_Directions for this task:_ Lines from the line with "Berço Multifuncional Cama" to the line with "Elan Linen Egyptian" in the entries below, and only those, must be output exactly, with both ends included.

[Caption-style text data]
────

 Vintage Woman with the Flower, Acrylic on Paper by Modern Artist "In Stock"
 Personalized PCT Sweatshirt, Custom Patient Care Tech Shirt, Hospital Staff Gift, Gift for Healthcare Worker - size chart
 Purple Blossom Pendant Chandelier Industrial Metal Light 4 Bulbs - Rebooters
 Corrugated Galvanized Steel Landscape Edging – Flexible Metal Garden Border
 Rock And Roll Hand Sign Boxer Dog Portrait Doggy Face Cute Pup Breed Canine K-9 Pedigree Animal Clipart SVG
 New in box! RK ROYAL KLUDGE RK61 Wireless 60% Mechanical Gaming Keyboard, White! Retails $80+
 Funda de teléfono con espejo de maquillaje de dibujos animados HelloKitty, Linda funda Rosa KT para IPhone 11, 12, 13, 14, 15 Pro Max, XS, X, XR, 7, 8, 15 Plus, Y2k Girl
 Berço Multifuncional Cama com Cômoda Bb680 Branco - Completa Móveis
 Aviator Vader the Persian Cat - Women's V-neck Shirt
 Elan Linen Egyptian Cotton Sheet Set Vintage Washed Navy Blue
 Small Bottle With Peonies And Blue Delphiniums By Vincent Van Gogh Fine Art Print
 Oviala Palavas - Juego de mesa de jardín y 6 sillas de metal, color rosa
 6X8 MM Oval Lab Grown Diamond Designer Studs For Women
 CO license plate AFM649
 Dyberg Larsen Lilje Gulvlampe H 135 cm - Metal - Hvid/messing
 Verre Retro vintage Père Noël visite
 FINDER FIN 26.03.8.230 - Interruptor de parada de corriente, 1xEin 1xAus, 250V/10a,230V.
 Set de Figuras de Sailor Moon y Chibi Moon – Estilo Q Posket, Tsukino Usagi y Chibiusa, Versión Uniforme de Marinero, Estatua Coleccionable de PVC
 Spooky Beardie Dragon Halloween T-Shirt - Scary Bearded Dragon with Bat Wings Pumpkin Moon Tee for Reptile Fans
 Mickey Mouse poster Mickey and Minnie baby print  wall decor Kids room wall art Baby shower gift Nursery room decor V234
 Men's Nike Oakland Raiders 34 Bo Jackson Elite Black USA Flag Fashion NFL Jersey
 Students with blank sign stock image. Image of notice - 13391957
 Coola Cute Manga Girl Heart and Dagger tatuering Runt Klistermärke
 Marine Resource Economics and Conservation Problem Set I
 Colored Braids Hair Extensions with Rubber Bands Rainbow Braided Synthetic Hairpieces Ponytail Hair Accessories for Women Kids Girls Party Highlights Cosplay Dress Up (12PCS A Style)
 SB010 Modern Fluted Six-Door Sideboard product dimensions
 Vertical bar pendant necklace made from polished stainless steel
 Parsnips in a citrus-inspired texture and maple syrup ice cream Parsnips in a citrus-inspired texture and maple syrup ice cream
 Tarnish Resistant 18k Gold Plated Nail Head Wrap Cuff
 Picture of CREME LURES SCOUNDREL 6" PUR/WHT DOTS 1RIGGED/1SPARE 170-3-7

────

_Response to the exercise:_
 Berço Multifuncional Cama com Cômoda Bb680 Branco - Completa Móveis
 Aviator Vader the Persian Cat - Women's V-neck Shirt
 Elan Linen Egyptian Cotton Sheet Set Vintage Washed Navy Blue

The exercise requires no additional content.